Une autre stratégie adoptée par l'Europe est la réglementation approfondie via des cadres tels que MiCA.
Sur le papier, c'est l'un des systèmes réglementaires les plus progressistes au monde. Il offre clarté, uniformité et sécurité juridique.
Cependant, la mise en œuvre n'a pas été aussi rapide que prévu.
La réglementation et l'innovation sont en contradiction. Les entreprises doivent se frayer un chemin à travers des exigences de conformité assez strictes et, par conséquent, ralentissent leur croissance et perdent leur avantage concurrentiel face aux régions où les exigences sont plus souples.
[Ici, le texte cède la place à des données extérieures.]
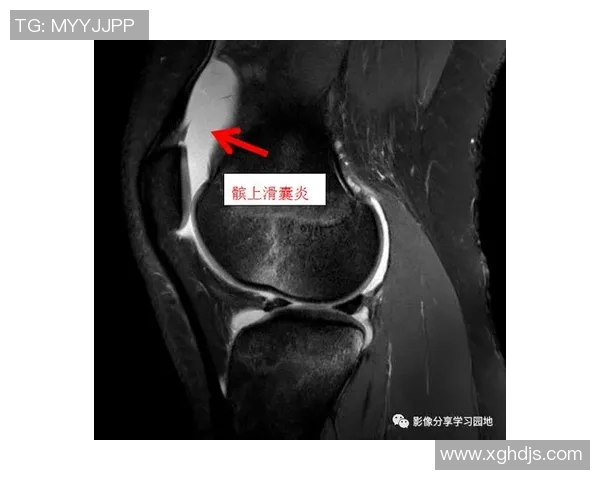 克勒贝尔训练意外受伤股四头肌拉伤将进行MRI检查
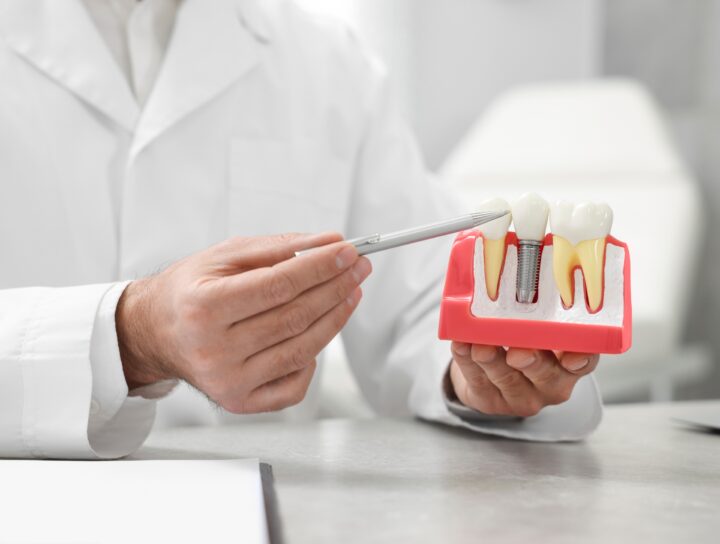 Impianti Dentali: soluzioni per rinnovare il proprio sorriso | Studio Dentistico Stramesi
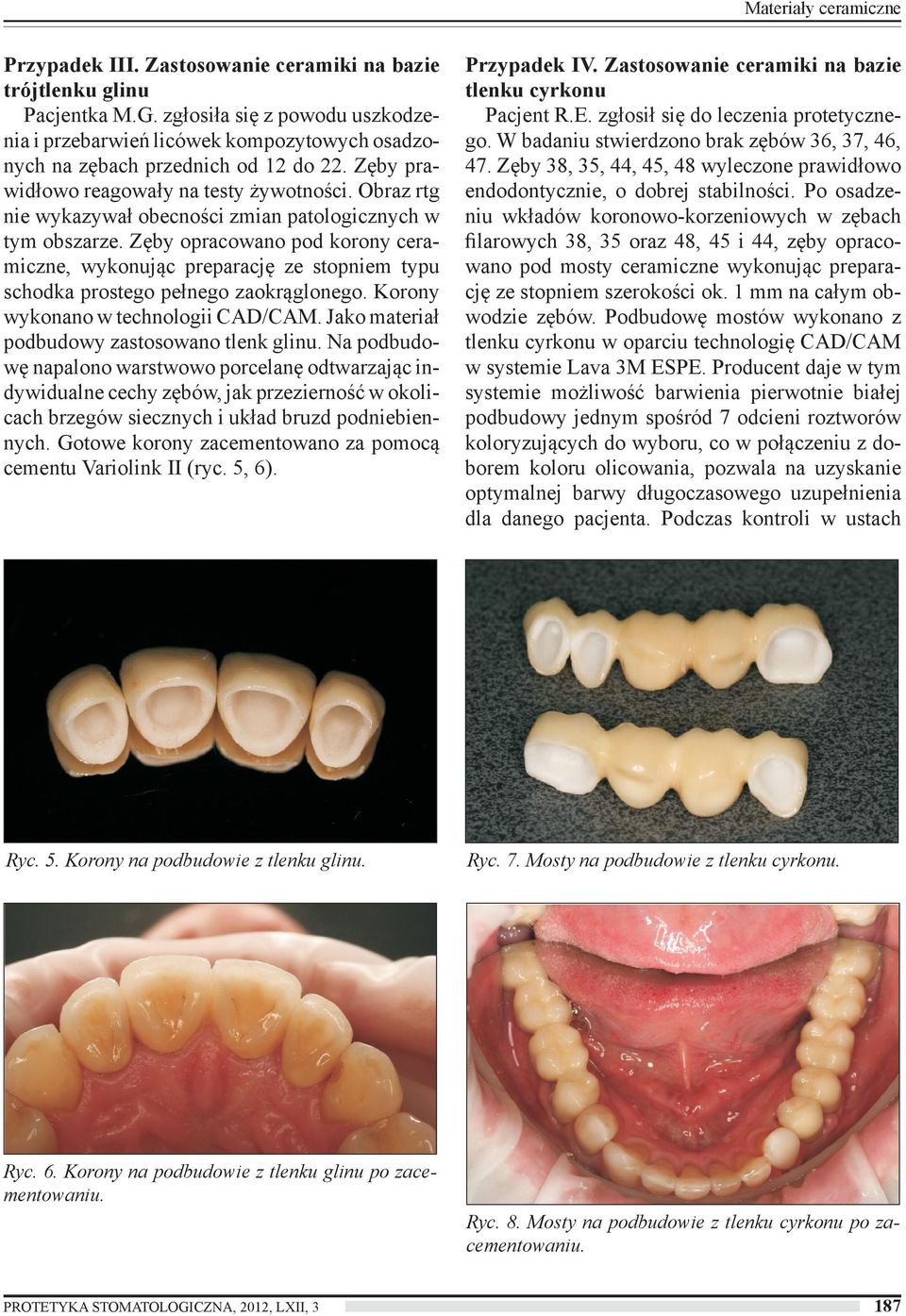Obraz rtg nie wykazywał obecności zmian patologicznych w tym obszarze. Zęby opracowano pod korony ceramiczne, wykonując preparację ze stopniem typu schodka prostego pełnego zaokrąglonego.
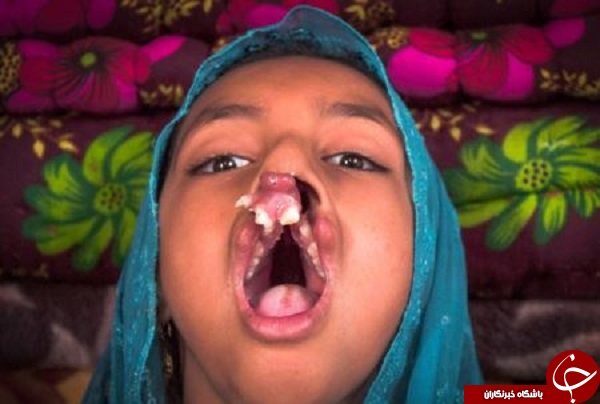 دختر عجیب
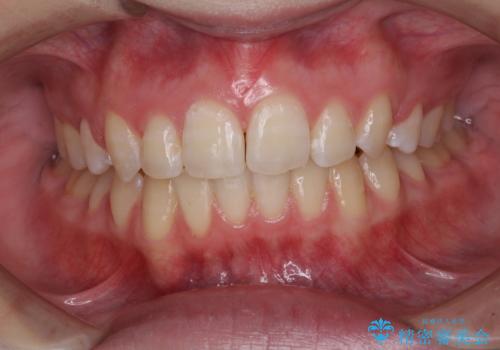 ワイヤー装置除去後のホワイトニング エクセレントコースの症例 治療後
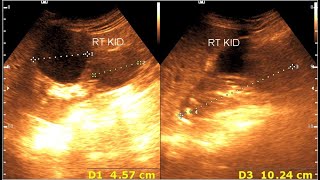 Renal cortical cyst  Milk of calcium cyst  Renal calcification [upl. by Lyrrehs]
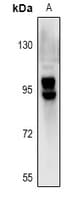 Polyclonal Rabbit anti-Human SLCO1B1 / OATP2 Antibody (WB)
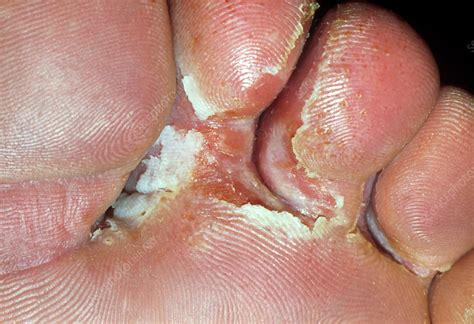 Fungus Between Toes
L'Europe en est un excellent exemple : une bonne réglementation ne génère pas nécessairement des marchés solides.
Les hubs plus petits progressent plus vite que prévu
Alors que les grandes juridictions s'engagent dans des discussions politiques, les petites juridictions créent secrètement des infrastructures.
Des destinations comme les Émirats arabes unis et Gibraltar s'établissent comme des lieux favorables à la crypto, où les réglementations sont clairement définies et les transactions sont accélérées.
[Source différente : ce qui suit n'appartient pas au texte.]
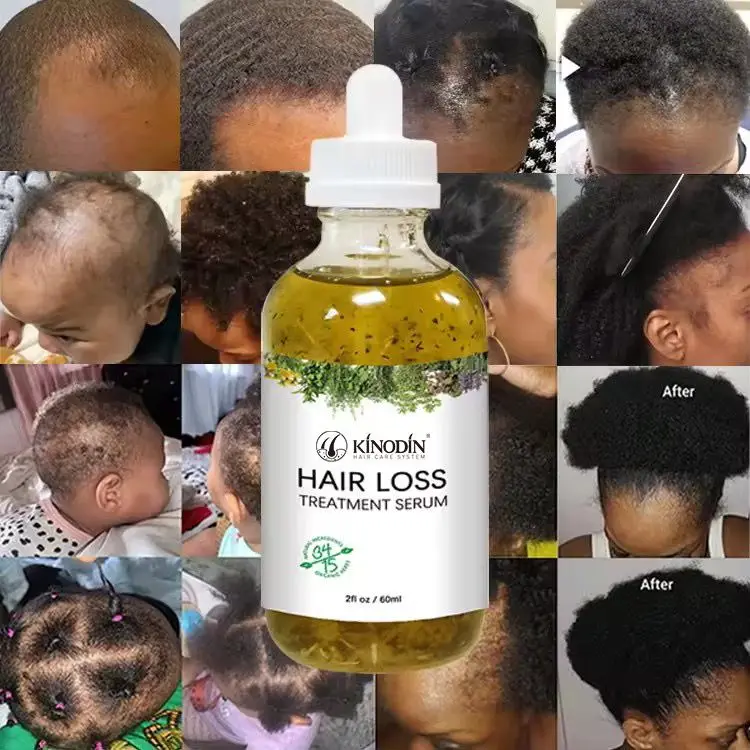 Китайский Лучший 7 дней имбирь веганское Натуральное эфирное масло для роста волос с розмарином Ямайское черное касторовое мужчин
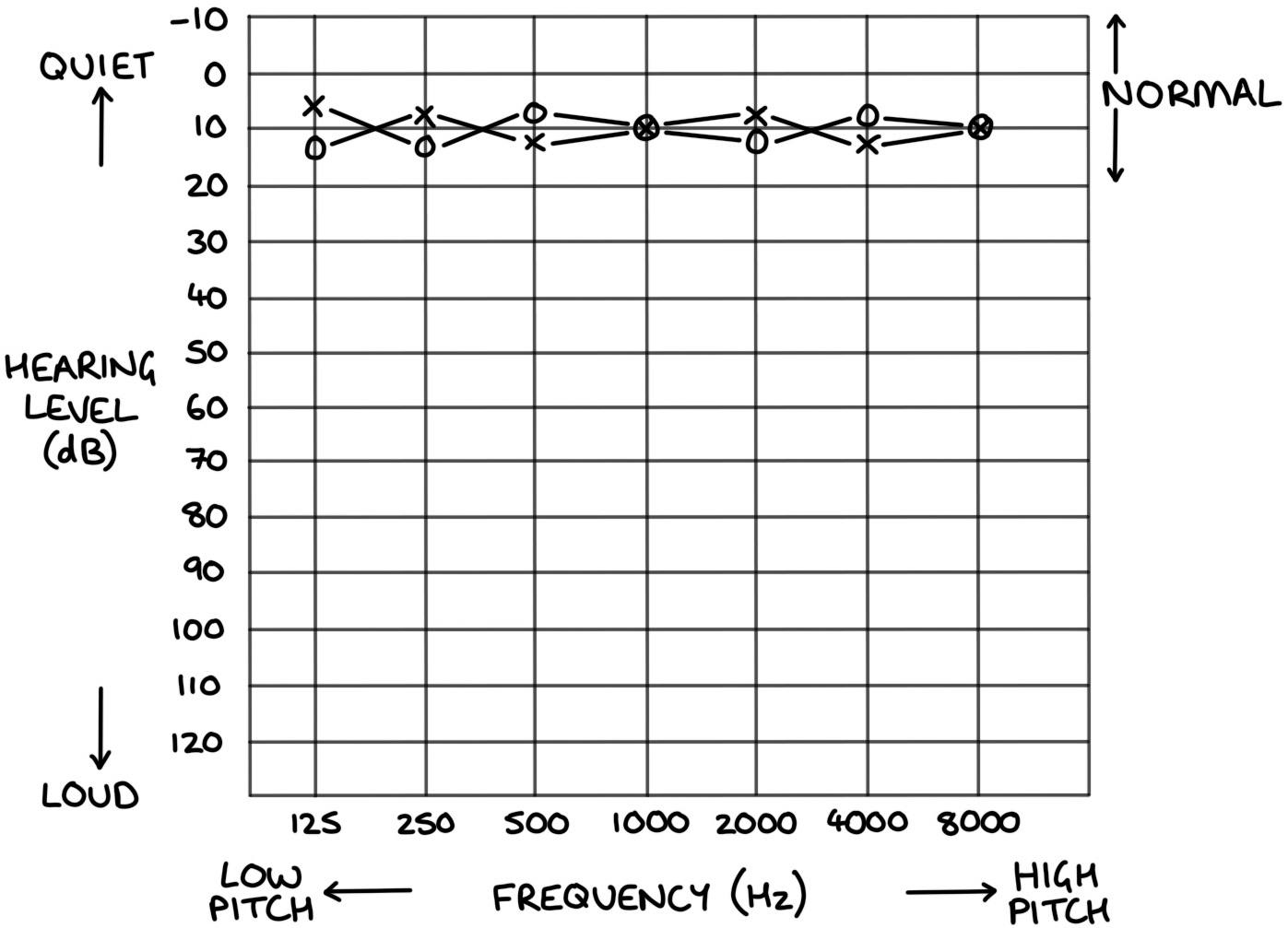 sample-blank-audiogram-qualia-audiology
Ils ne sont pas aussi grands que les États-Unis ou l'Asie, mais ils offrent quelque chose de précieux : rapidité et clarté sans trop de frictions.
Cette dernière combinaison séduit les entreprises en quête d'efficacité opérationnelle.
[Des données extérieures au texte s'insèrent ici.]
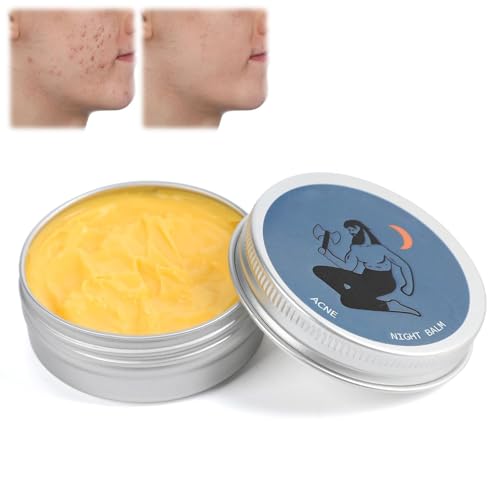 Norse Organics Akne, Norse Organics Akne & Redness Killer, Norse Organics Acne Balm Akne Entferner Creme für Männer, Hautpflegeset zur Entfernung von Akne (1 Stück) von TEPELL
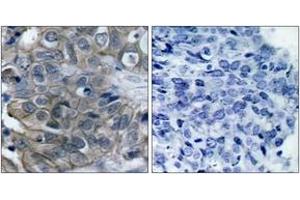 Immunohistochemistry analysis of paraffin-embedded human breast carcinoma tissue, using HER2 (Ab-877) Antibody. (ErbB2/Her2 抗体  (AA 851-900))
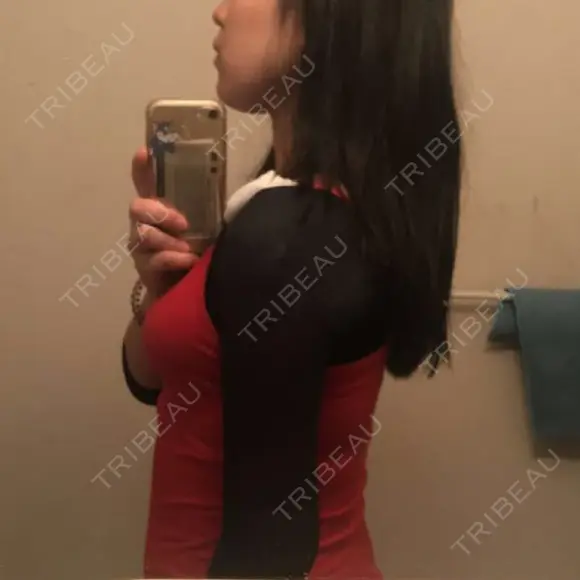 脂肪吸引（二の腕） 湘南美容クリニック 八王子院 AFTER メイン用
Le marché n'est plus centralisé
Tout cela mène à un changement de paradigme
La crypto n'est plus centrée sur une seule région ou une seule histoire
Au contraire, diverses régions se spécialisent :
L'Asie est le leader en matière d'utilisation et de liquidité.
Les États-Unis sont un leader en matière de cadres institutionnels.
L'Amérique latine est une source d'inspiration pour l'utilité dans le monde réel.
L'Europe est préoccupée par le cadre réglementaire.
Le cas des Émirats arabes unis et de Gibraltar testant une infrastructure agile.
Tout n'est plus sous le contrôle d'une seule région.
L'importance de ce système multipolaire
Cette désintégration n'est pas un inconvénient. En fait, c'est un signe de maturité.
Par le passé, la crypto dépendait de quelques marchés lors des cycles précédents. Maintenant, elle est mondiale par défaut.
Cela crée de la résilience.
Lorsque la réglementation se durcit dans une zone particulière, l'activité se déplace vers une autre zone. Lorsqu'un des pôles ralentit en termes d'innovation, l'autre prend de l'élan.
Le système s'adapte.
Ce n'est pas la réglementation, mais plutôt le désalignement qui est le véritable risque.
La plus grande menace à l'avenir n'est pas de savoir si la crypto sera réglementée ou non.
Mais si la réglementation est en adéquation avec l'utilisation actuelle de la crypto par les gens.
À l'heure actuelle, il y a un décalage.
Les utilisateurs asiatiques et latino-américains sont déjà très impliqués, tandis que les décideurs politiques d'autres régions sont encore en train de formuler des structures.
La distance entre les deux provoque des tensions.
Et celui qui, le premier – en faisant correspondre la réglementation aux usages réels – comblera cette brèche, aura la plus grande influence.
Réflexion finale
Ce n'est pas un marché où le marché mondial de la crypto est dirigé. Il est simultanément déchiré et remodelé.
La couche institutionnelle est construite par les États-Unis. L'Asie prend la tête de la consommation réelle. L'Amérique latine démontre une utilisation dans le monde réel.
Et les centres plus petits sont si rapides qu'ils restent pertinents.
C'est à cela que ressemble un système mondial mature.
Pas un seul gagnant.
Divers centres de pouvoir qui avancent à des vitesses différentes.
Et quand vous le savez, vous ne vous demandez pas qui est en tête – mais vous commencez à voir où les vraies opportunités prennent forme.